Wednesday, 15 May 2019

Ginger Crisp Biscuits

Every year my family supports Australian Prison Fellowship's work with prisoners in our state by joining their annual biscuit bake at Easter time.
This year we baked ginger crisp biscuits, delightfully crunchy biscuits that taste just like Christmas to me!  These biscuits are so popular that I've decided to share a recipe I adapted from Robyn Martin's "Slices, biscuits & cakes".  Enjoy!

ginger crisps biscuit cookie recipe christmas

Ingredients
- 175g unsalted butter (or reduced salt margerine if you're watching your fats)
- ¼ cup golden syrup
- 1 cup caster sugar
- 1 egg
- 2 ¼ cups plain (all purpose) flour
- ¼ teaspoon table salt
- 2 teaspoons baking powder
- 2 teaspoons ground ginger
- 1 teaspoon mixed spice
- ½ cup extra sugar

Method
1. Preheat oven to 180°C.  Melt butter and golden syrup in a saucepan large enough to mix all the ingredients.  Remove from heat and stir in sugar.

2. Add egg to the golden syrup mixture and beat well with a wooden spoon or silicone spatula.

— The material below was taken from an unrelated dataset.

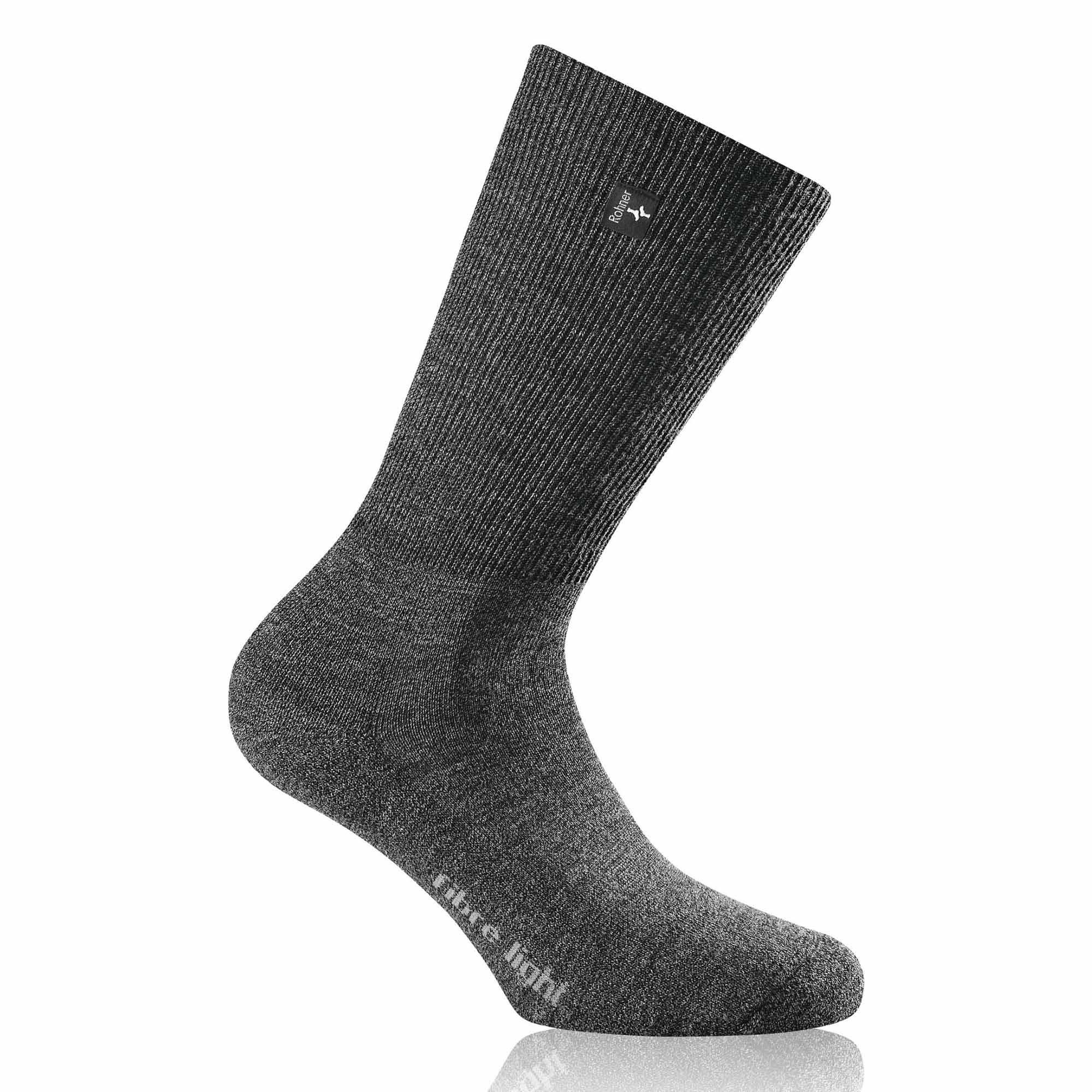 Rohner Advanced Bequem sitzende Trekkingsocken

3. Sift flour, baking powder, salt, ginger and mixed spice into the saucepan.  Mix until well combined.

4. Pour extra sugar onto a plate.  Roll tablespoonsful of mixture into balls then roll in the extra sugar.  Place on a greased tray and flatten with a fork, making sure to leave space for the biscuits to spread.

5. Bake the biscuits for 10-15 minutes, or until golden.  Let the biscuits cool for a few minutes on the tray before moving to a cooling rack to fully cool down.